I'm No Hero was remastered and re-issued on compact disc in July 2001.

==Track listing==
All tracks written by Alan Tarney, except where noted.

Side one
1. "Take Another Look" – 4:11
2. "Anything I Can Do" – 4:01
3. "A Little in Love" – 3:42
4. "Here (So Doggone Blue)" – 3:50
5. "Give a Little Bit More" (Andy Hill, Jonathan Hodge) – 3:35

Side two
1. "In the Night" (Rod Bowkett) – 3:48
2. "I'm No Hero" (Trevor Spencer, Tarney) – 3:25
3. "Dreamin'" (Leo Sayer, Tarney) – 3:40
4. "A Heart Will Break" (Spencer, Tarney) – 3:59
5. "Everyman" – 4:11

CD bonus tracks (2001 re-issue)
1. "Dynamite" (Ian Ralph Samwell) – 3:12
2. "Keep on Looking" – 3:40

==Personnel==
- Cliff Richard – vocals
- Alan Tarney – bass guitar, guitars, arrangements
- Trevor Spencer – drums
- Michael Boddicker, Nick Glennie-Smith – keyboards

==Charts and certifications==
===Weekly charts===

Release date: Single title; UK Chart peak; US Chart peak; Australia; Canada; Ireland
August 1980: "Dreamin'"; 8; 10; 4; 9^{^}; 9
January 1981: "A Little in Love"; 15; 17; 66; 4^{^^}; 16
May 1981: "Give a Little Bit More"; NR; 41; NR; 30; NR
Release date: Album title; UK Chart peak; US Chart peak; Australia; Canada
September 1980: I'm No Hero; 4; 80; 28; 25

NOTES:

^ "Dreaming" also reached no.83 on the Canadian RPM "Top 100 Singles of 1980" chart.
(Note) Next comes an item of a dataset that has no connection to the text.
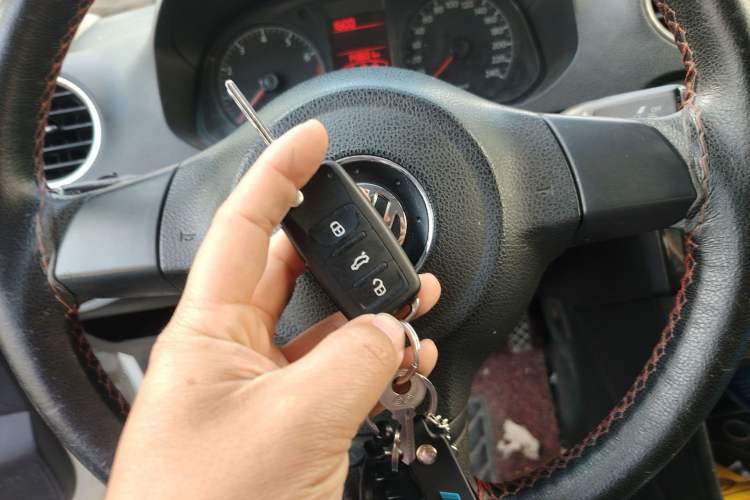 Used Volkswagen Jetta 2013 1.6L Manual Comfort Model Vehicle Key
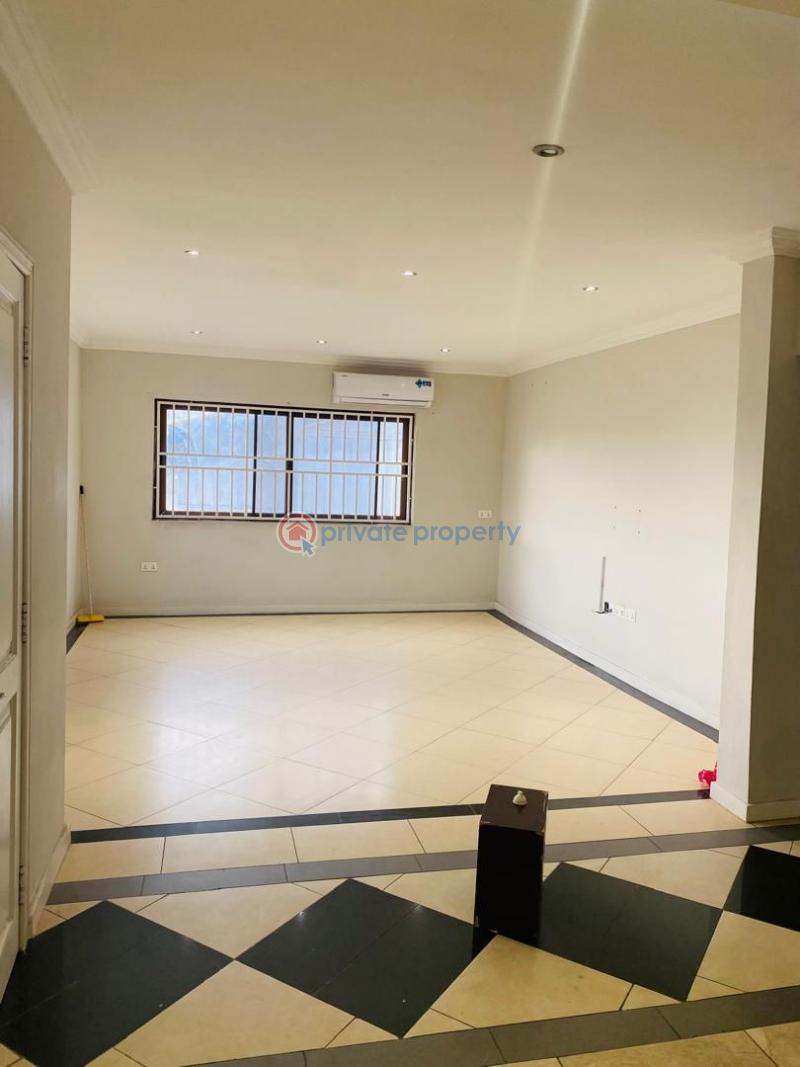 3 bedroom House For Rent Cfc Estate Accra. Cfc Estate Achimota Accra - 3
^^ "A Little in Love" also reached no. 33 on the Canadian RPM "Top 100 Singles of 1981" chart.

NR - not released

===Certifications===

| Region | Certification | Certified units/sales |
| United Kingdom (BPI) | Gold | 100,000^{^} |
| Canada (Music Canada) | Platinum | 100,000^{^} |
^{^} Shipments figures based on certification alone.